There are lots of changes in the new superhero film: the famous costume has a bold new look; Perry White is now black and his famous "Great Caesar's ghost" line is gone; Jimmy Olson is out too, it's Jenny Olson now; and Lois Lane sips on scotch. But don't worry, the heroics are still very much in place.
This modern day re-boot attempts to make the Superman story more relatable, and it does. Imagine being the only person on earth with these crazy super powers. How do you handle it?
As the "Man of Steel," Cavill handles it beautifully. He offers physical strength and strength of emotion.
Amy Adams is fun, tough and smart as love interest Lois Lane. She really gets the character.
And as Superman's birth father, Russell Crowe brings depth and quiet bravery to the character Jor-El.

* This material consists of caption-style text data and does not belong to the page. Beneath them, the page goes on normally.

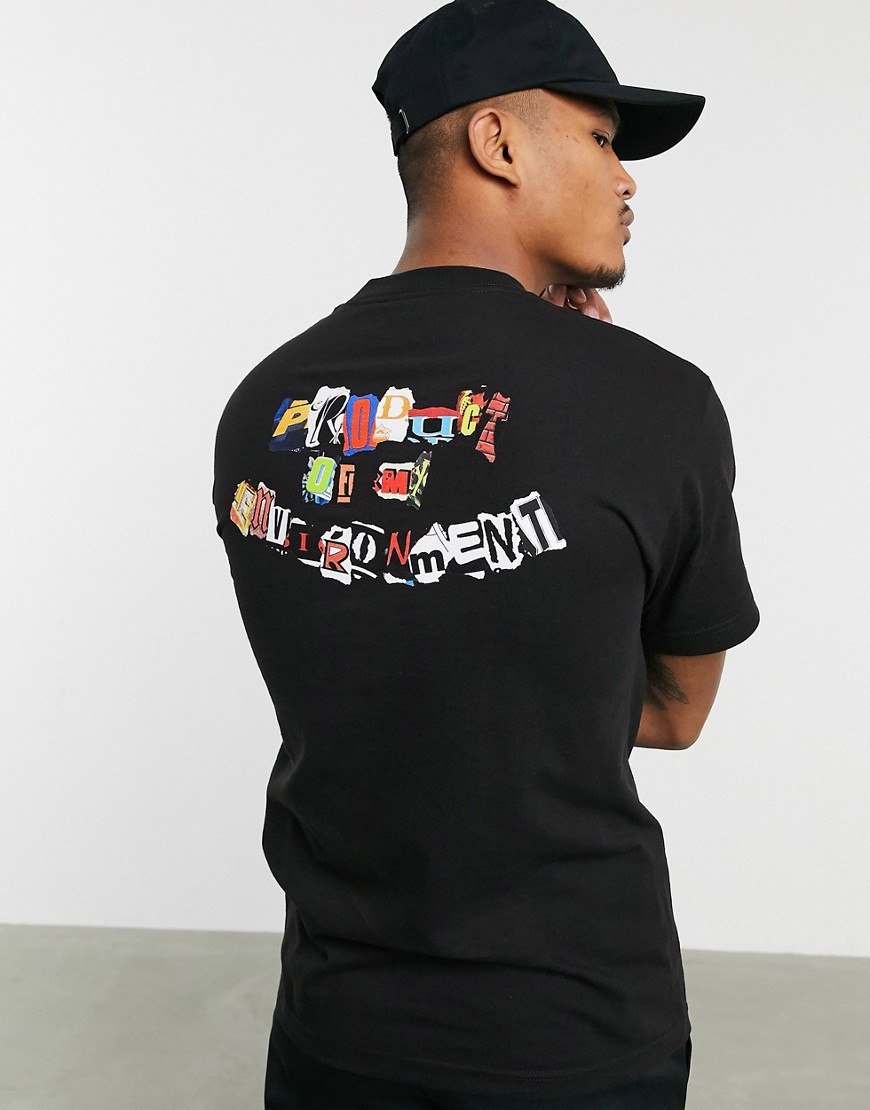 HUF – Product – Svart t-shirt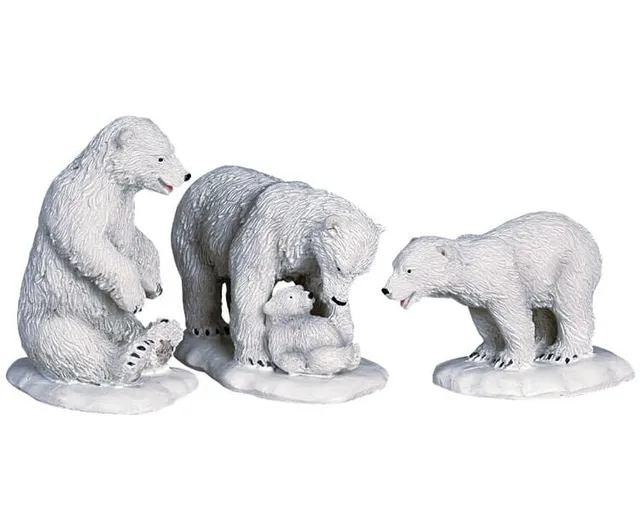 lemax-polar-bears-figurine-village-miniature-ours-polaires image 1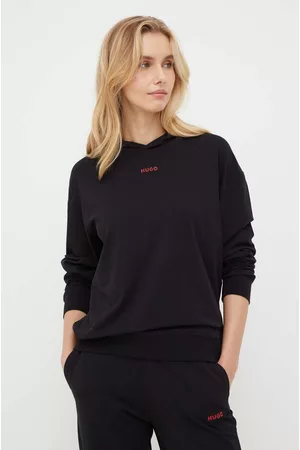 HUGO BOSS Bluza lounge kolor z kapturem 50490594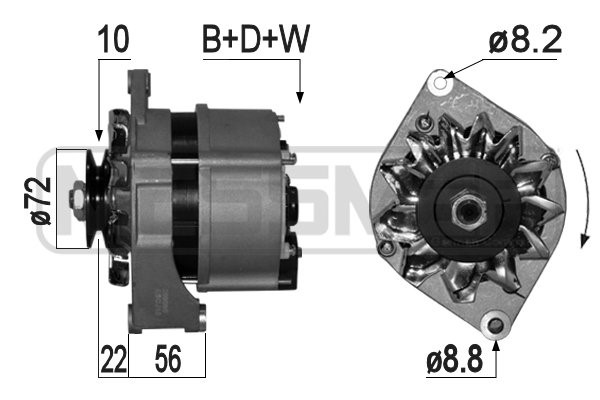 Generator 12V 70A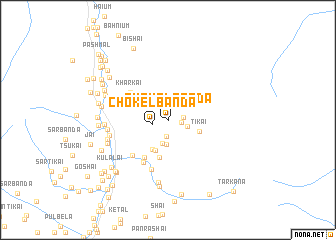 map of Chokel Bānda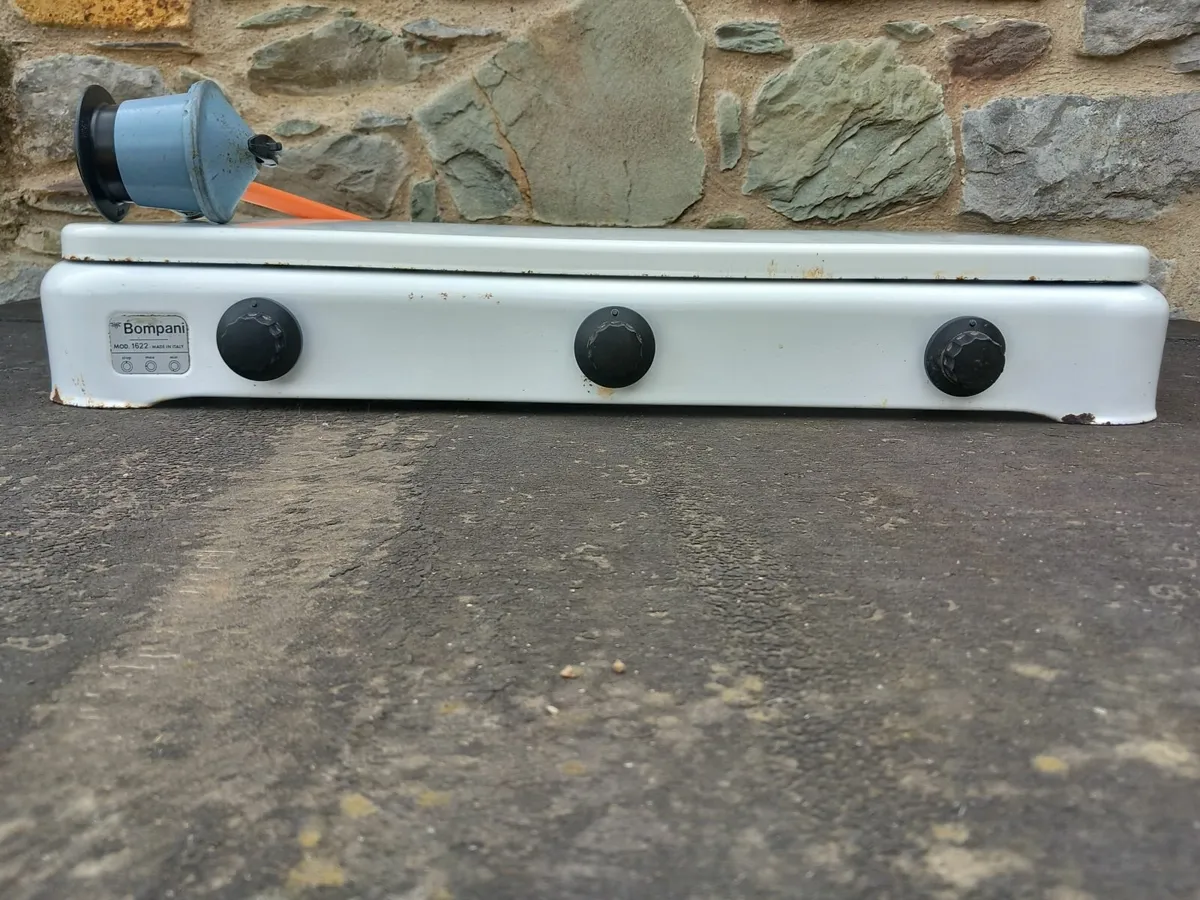 Camping Hob with full gas cylinder - Image 4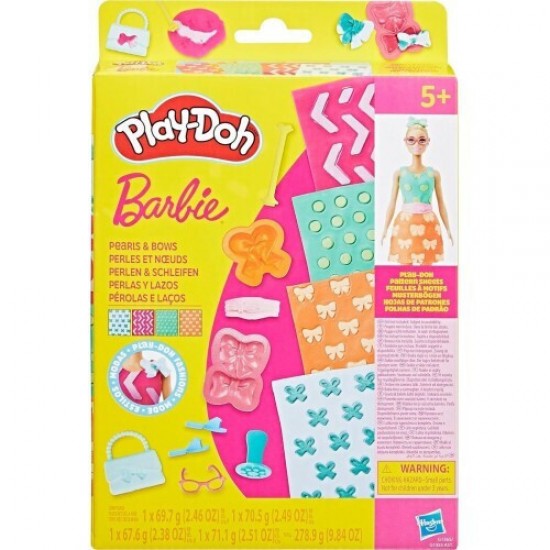 Hasbro Play-Doh: Fashion - Barbie Designer Patterns Packs Pearls And Bows (G1365)
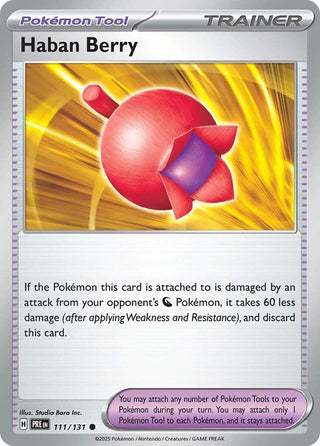 Image for Haban Berry (111/131) (SV: Prismatic Evolutions) - Pokemon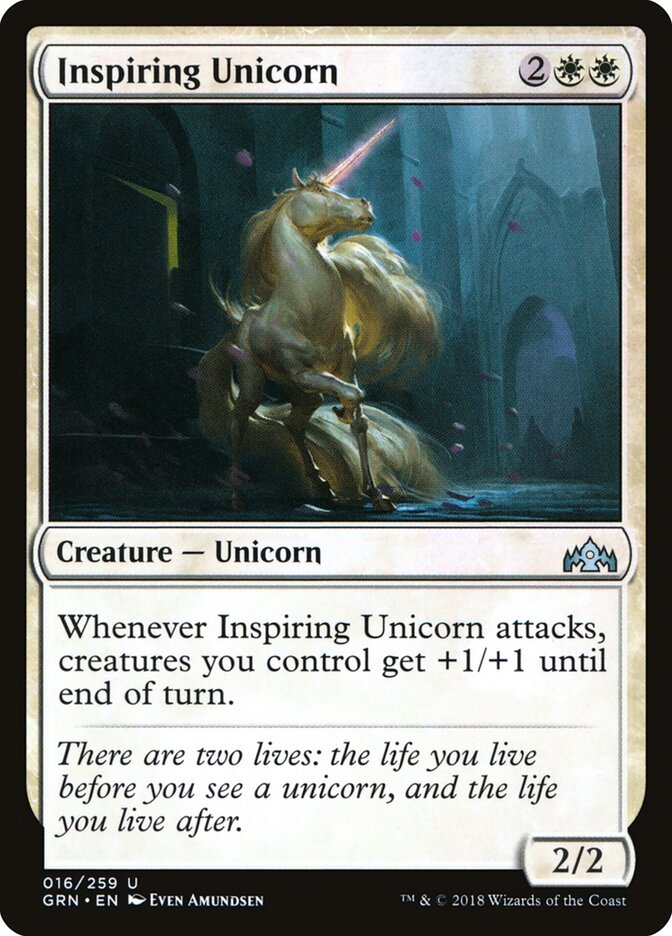 Inspiring Unicorn - carta Magic The Gathering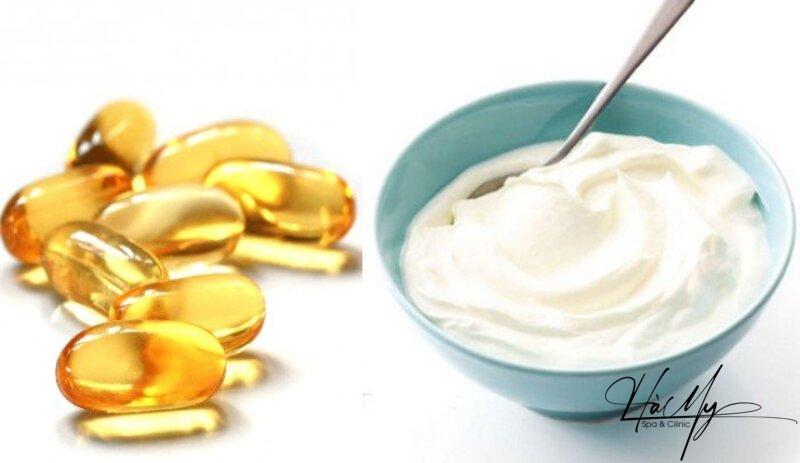 Dùng Vitamin E trị nám? 10 cách trị nám từ vitamin E 10 Dùng vitamin E kết hợp với sữa chua trị nám (Nguồn: Internet)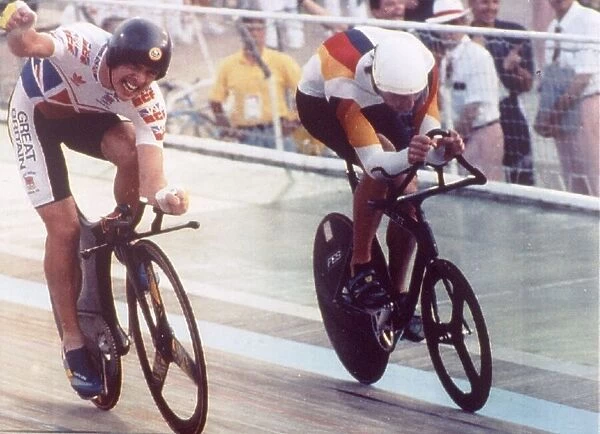1992 Olympic Games in Barcelona. Mens Individual Pursuit 4000 Metres Cycling Race at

Superman, of course, arrives to earth as an infant and is raised as Clark Kent by the people who found him on their farm in Smallville. Diane Lane and Kevin Costner bring a lot of heart and soul to these roles.
Costner has the movie's most emotional moment, and you'll see him do it without uttering a word. The man can act!
As much action as there is in "Man of Steel" -- and there is a lot -- it still captures a sense of humor, a little wink every now and then. Naturally, there's also a serious tone thanks to the villain, General Zod, played with evil zeal by Michael Shannon.
Toward the end, with all the big-budget action, destruction and fighting, I thought the movie actually ended four times, but it just kept revving up for more. Maybe too much of a good thing at that point, but this "Man of Steel" is still pretty golden.
I saw "Man of Steel" in 3D, and it's eye-popping. But I don't think you'll feel cheated if your theater is only showing it the good, old-fashioned way. Plus, you won't have to wear the 3D glasses for two hours and 15 minutes.